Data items
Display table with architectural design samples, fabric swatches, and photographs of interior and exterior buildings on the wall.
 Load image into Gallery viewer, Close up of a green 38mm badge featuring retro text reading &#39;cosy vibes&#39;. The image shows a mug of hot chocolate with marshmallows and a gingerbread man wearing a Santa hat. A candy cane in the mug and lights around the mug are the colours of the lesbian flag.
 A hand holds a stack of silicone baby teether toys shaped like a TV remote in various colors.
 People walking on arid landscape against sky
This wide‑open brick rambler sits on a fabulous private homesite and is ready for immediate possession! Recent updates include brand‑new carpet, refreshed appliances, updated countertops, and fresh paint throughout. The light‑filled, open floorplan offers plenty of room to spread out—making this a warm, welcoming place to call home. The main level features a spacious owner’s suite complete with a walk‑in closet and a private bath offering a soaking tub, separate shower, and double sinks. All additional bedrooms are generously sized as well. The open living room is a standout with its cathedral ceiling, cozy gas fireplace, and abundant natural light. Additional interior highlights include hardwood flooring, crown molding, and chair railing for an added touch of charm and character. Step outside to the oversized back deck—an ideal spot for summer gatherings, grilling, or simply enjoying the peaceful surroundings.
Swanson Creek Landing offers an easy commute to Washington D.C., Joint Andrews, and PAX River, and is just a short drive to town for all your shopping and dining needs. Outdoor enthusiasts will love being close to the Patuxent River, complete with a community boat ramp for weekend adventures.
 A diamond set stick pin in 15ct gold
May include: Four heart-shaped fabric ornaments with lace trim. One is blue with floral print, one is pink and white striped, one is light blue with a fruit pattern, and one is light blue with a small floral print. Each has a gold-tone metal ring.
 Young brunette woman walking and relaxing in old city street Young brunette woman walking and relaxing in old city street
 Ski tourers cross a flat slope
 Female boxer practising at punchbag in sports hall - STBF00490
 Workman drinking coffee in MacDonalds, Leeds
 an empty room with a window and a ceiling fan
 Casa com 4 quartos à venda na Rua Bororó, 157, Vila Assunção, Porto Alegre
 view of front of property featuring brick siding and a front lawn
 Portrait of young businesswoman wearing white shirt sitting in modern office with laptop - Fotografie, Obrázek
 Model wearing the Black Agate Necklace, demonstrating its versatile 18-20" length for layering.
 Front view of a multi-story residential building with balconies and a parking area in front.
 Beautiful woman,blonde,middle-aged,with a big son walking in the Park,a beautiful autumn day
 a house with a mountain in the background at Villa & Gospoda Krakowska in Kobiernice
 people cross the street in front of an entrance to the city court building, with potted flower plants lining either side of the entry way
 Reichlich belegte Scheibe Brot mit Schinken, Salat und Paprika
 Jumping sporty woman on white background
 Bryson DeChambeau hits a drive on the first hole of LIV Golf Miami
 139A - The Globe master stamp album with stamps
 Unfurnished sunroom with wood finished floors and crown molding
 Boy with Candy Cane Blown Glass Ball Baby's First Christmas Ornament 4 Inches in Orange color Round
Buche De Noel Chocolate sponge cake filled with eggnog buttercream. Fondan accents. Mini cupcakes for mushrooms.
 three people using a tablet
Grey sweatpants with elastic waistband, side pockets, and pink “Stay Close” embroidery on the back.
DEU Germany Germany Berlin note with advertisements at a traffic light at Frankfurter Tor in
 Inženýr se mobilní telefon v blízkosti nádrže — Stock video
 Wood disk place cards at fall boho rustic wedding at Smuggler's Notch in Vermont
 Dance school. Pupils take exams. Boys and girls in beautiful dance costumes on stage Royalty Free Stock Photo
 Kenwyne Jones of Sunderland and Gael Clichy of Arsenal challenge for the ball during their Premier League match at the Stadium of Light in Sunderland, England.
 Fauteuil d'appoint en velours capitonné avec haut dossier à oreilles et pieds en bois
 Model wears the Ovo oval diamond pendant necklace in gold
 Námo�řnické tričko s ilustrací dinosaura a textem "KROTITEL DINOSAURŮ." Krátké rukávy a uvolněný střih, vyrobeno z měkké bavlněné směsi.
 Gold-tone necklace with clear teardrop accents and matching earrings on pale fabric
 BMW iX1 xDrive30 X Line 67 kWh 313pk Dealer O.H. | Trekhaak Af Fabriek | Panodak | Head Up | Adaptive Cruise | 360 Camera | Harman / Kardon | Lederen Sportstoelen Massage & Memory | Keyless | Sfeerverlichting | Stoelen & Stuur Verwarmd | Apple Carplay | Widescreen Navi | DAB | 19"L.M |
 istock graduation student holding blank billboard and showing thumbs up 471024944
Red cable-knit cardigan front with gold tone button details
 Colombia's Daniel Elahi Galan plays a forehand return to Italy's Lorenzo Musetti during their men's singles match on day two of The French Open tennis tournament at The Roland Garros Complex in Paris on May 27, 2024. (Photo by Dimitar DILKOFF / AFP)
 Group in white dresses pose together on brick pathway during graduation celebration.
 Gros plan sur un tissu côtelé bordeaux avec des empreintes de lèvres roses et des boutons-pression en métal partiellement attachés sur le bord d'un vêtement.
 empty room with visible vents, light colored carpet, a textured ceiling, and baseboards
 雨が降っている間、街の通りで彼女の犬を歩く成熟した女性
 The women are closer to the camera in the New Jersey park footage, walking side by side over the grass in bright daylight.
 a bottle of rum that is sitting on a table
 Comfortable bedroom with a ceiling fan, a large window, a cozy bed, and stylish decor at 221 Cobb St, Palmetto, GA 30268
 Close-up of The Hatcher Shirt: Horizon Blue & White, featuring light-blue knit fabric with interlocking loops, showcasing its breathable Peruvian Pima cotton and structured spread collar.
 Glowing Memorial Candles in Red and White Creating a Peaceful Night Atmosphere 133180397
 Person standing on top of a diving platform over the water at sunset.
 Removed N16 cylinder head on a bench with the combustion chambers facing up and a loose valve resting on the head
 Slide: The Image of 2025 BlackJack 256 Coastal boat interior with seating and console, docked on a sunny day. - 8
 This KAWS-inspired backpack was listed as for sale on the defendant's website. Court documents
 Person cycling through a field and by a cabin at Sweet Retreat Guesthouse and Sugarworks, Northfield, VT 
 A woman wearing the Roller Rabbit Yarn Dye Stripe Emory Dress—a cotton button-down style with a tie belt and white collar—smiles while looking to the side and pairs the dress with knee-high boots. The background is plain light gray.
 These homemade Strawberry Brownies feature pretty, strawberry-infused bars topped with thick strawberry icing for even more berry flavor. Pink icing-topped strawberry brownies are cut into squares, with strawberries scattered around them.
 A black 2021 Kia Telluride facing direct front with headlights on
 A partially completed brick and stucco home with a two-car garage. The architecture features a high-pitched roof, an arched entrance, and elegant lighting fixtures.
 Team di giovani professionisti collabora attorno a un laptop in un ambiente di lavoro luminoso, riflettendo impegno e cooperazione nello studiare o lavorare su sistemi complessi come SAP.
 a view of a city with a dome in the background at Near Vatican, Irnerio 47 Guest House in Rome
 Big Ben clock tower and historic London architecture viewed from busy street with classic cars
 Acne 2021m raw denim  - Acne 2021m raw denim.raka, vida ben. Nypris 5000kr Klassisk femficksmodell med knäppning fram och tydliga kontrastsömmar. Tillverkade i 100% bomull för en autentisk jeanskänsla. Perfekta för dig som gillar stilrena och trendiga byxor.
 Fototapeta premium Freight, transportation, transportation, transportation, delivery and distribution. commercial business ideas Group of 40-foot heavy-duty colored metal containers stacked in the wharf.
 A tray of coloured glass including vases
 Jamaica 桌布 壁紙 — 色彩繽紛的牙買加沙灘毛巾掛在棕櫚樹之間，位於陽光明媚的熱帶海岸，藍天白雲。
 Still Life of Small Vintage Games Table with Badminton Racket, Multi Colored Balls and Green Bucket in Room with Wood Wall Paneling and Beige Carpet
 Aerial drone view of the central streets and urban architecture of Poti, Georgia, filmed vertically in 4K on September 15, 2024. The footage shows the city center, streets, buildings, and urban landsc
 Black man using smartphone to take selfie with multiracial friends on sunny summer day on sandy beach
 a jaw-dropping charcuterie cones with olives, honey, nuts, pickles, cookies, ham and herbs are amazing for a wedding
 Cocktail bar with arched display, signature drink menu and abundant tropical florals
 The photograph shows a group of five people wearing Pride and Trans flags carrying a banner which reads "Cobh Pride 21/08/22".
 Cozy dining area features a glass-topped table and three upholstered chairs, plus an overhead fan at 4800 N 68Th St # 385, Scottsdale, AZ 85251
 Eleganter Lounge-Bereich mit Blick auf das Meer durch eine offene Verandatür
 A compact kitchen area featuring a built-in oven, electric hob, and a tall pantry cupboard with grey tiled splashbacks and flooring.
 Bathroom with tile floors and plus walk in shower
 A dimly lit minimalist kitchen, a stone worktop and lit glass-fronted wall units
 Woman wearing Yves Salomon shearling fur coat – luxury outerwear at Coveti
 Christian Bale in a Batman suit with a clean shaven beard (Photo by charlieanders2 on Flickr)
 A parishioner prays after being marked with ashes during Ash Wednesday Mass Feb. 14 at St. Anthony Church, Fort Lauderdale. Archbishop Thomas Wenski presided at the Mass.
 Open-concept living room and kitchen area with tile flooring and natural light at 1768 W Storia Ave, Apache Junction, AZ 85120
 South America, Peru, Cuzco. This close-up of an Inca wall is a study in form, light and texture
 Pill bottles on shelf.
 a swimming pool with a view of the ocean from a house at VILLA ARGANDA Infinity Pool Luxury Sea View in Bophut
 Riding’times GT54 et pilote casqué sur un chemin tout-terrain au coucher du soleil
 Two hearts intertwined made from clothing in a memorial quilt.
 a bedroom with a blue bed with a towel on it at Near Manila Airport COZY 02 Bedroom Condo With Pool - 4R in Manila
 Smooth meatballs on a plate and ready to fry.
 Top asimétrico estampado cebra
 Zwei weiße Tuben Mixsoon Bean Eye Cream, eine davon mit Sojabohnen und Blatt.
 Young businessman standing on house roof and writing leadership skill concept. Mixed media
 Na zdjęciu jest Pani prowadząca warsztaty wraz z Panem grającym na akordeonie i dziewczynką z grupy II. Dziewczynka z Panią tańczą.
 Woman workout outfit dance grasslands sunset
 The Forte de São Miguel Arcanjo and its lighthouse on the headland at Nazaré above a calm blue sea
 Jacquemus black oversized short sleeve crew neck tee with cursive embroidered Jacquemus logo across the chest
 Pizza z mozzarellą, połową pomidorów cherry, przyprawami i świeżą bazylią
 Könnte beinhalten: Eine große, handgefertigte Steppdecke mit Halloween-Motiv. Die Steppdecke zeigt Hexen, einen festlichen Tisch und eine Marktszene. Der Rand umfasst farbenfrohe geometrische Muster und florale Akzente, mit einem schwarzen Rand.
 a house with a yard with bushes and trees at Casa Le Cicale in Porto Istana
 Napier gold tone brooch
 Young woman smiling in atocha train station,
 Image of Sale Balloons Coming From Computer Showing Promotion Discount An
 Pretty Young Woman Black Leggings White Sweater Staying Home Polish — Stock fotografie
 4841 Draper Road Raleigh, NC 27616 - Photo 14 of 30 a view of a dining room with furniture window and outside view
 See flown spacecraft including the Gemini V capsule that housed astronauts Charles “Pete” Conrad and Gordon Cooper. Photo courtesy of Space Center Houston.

- _Exercise description_: The reply should consist solely of the lines of the data, exact, from the opening line through the line with "People walking on arid landscape against sky", inclusive.

- _Solution_:
Display table with architectural design samples, fabric swatches, and photographs of interior and exterior buildings on the wall.
 Load image into Gallery viewer, Close up of a green 38mm badge featuring retro text reading &#39;cosy vibes&#39;. The image shows a mug of hot chocolate with marshmallows and a gingerbread man wearing a Santa hat. A candy cane in the mug and lights around the mug are the colours of the lesbian flag.
 A hand holds a stack of silicone baby teether toys shaped like a TV remote in various colors.
 People walking on arid landscape against sky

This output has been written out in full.